Heinrich Martin Weber (5 March 1842, Heidelberg, Germany – 17 May 1913, Straßburg, Alsace-Lorraine, German Empire, now Strasbourg, France) was a German mathematician. Weber's main work was in algebra, number theory, and analysis. He is best known for his text Lehrbuch der Algebra published in 1895 and much of it is his original research in algebra and number theory. His work Theorie der algebraischen Functionen einer Veränderlichen (with Dedekind) established an algebraic foundation for Riemann surfaces, allowing a purely algebraic formulation of the Riemann–Roch theorem. Weber's research papers were numerous, most of them appearing in Crelle's Journal or Mathematische Annalen. He was the editor of Riemann's collected works.
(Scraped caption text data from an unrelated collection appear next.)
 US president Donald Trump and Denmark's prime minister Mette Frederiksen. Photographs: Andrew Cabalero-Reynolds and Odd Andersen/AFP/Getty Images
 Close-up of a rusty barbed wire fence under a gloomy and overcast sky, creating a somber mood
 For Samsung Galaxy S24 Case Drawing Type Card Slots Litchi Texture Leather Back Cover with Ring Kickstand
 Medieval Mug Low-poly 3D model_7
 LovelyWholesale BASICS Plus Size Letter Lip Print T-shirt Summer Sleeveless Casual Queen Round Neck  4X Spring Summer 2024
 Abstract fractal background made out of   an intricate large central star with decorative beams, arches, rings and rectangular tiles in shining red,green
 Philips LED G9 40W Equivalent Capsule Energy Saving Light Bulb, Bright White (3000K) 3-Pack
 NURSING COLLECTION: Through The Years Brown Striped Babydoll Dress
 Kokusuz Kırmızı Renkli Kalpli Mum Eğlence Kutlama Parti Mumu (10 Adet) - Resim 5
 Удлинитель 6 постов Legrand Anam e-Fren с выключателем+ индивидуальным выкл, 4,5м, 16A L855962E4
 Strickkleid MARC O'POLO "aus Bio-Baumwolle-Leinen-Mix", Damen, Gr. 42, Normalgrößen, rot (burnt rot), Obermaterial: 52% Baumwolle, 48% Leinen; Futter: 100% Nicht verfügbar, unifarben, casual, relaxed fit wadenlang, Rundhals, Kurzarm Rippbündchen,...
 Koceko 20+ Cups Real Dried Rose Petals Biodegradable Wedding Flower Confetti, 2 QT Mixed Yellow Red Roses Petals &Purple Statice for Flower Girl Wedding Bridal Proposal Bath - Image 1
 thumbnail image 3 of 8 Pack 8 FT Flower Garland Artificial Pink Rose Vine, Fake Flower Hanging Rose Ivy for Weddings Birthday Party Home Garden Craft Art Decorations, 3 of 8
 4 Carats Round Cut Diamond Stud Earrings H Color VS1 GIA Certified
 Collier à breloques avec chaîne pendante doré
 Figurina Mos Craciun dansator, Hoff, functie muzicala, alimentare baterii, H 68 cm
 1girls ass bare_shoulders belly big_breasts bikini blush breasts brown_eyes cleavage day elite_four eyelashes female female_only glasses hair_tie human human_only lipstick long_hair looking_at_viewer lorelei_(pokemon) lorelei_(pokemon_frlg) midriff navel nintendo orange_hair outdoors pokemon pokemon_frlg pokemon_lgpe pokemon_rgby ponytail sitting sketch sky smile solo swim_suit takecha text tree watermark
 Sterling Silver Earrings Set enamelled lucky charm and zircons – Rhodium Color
Weber was born in Heidelberg, Baden, and entered the University of Heidelberg in 1860. In 1866 he became a privatdozent, and in 1869 he was appointed as extraordinary professor at that school. Weber also taught in Zurich at the Federal Polytechnic Institute (today the ETH Zurich), at the University of Königsberg, and at the Technische Hochschule in Charlottenburg. His final post was at the Kaiser-Wilhelm-Universität Straßburg, Alsace-Lorraine, where he died.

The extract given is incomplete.